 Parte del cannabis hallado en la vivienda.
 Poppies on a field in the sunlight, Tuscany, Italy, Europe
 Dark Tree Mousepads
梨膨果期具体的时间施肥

...

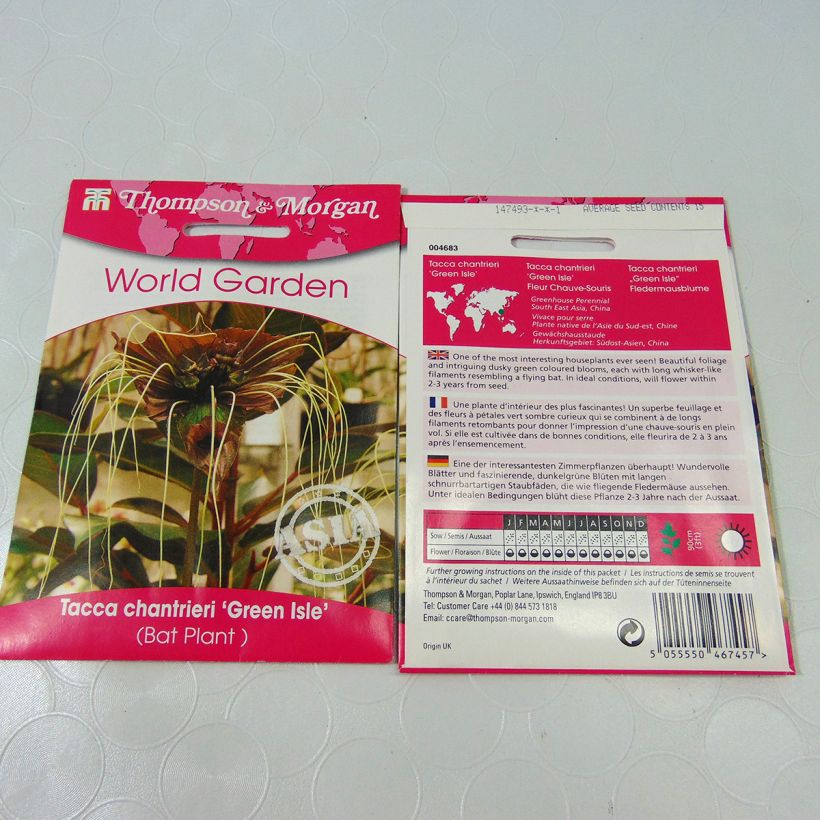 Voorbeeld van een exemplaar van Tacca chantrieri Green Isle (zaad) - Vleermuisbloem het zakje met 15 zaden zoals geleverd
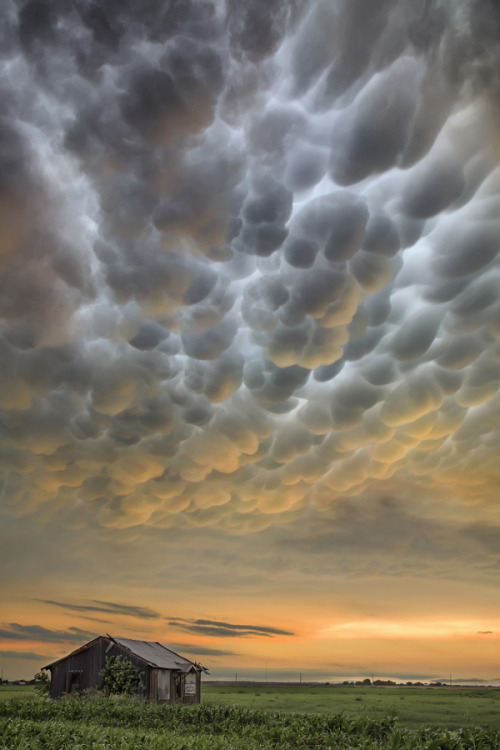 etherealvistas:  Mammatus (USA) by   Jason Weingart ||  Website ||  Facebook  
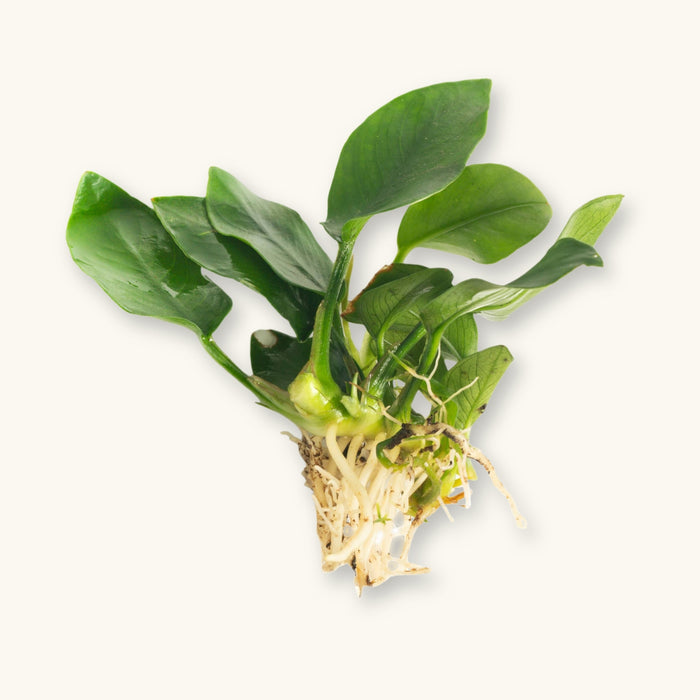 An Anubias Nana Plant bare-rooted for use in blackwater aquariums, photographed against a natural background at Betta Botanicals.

--

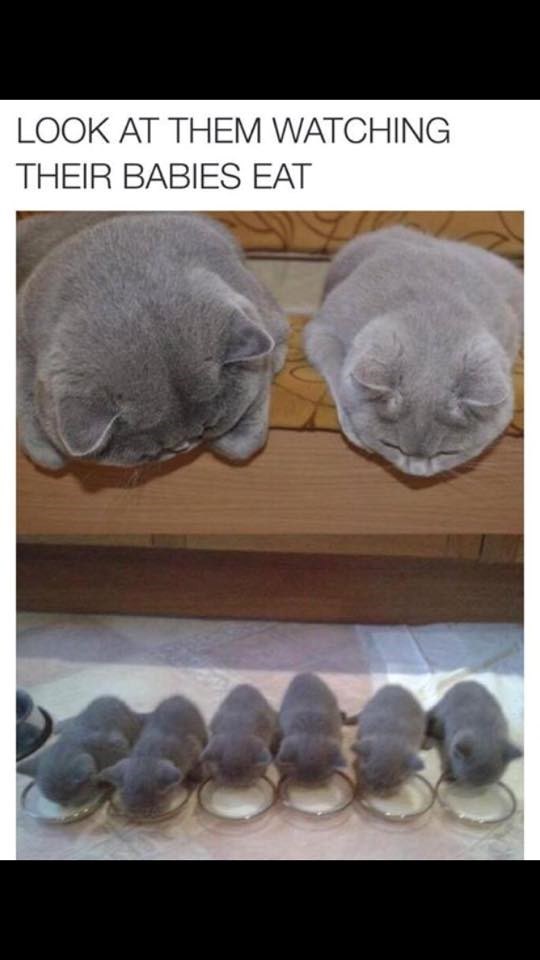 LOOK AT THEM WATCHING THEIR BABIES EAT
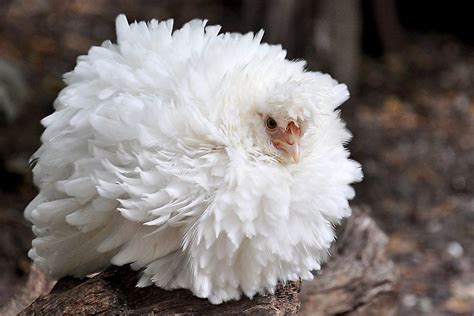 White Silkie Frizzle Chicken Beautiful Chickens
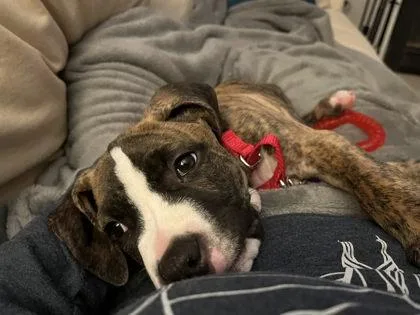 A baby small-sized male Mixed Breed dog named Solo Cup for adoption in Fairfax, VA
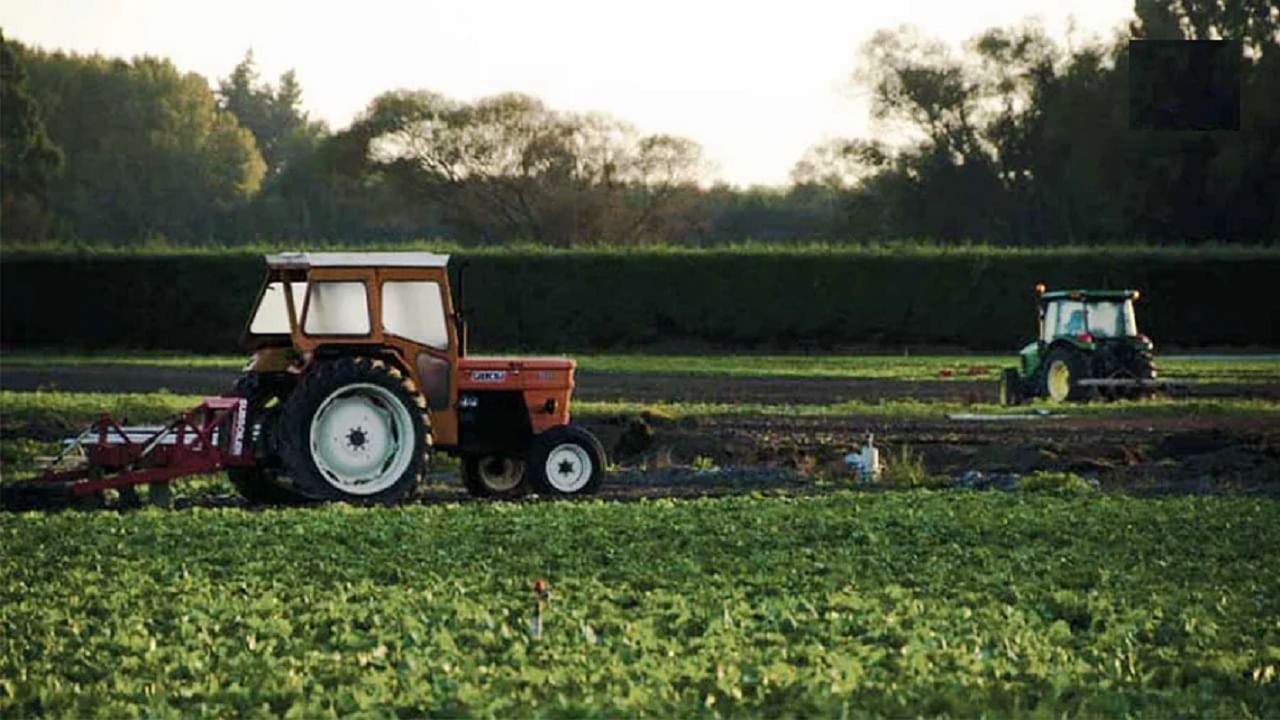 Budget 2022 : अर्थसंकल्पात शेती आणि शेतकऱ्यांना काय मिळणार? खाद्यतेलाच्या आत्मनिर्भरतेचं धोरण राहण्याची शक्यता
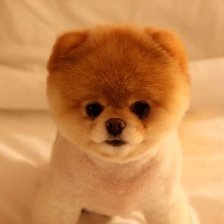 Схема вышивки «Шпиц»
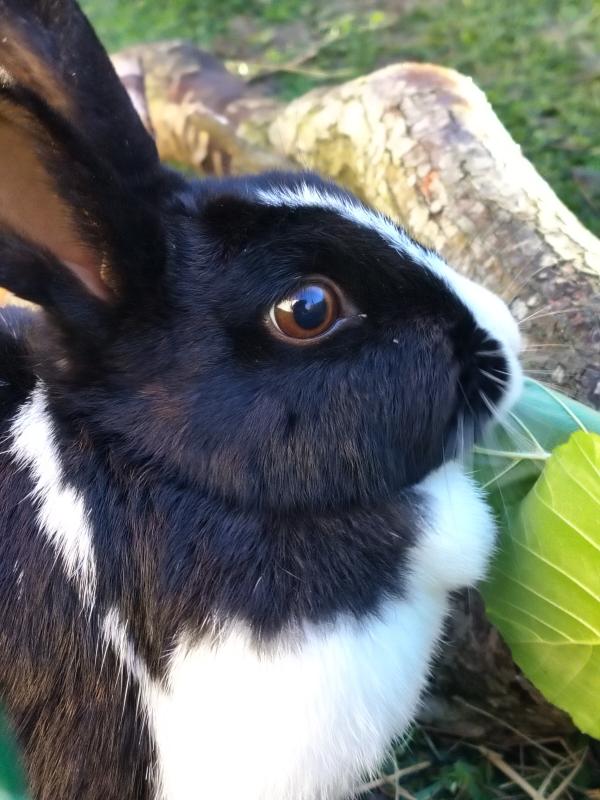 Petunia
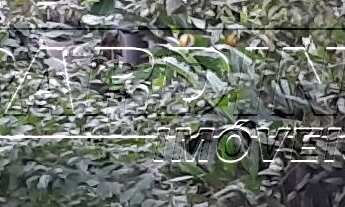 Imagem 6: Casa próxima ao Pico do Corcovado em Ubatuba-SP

§ **Work to be completed**: From the line that has "Parte del cannabis hallado en la vivienda." through the line that has "梨膨果期具体的时间施肥", copy every line exactly as it appears above, and leave out all others.

§ **Solution to the exercise**:
 Parte del cannabis hallado en la vivienda.
 Poppies on a field in the sunlight, Tuscany, Italy, Europe
 Dark Tree Mousepads
梨膨果期具体的时间施肥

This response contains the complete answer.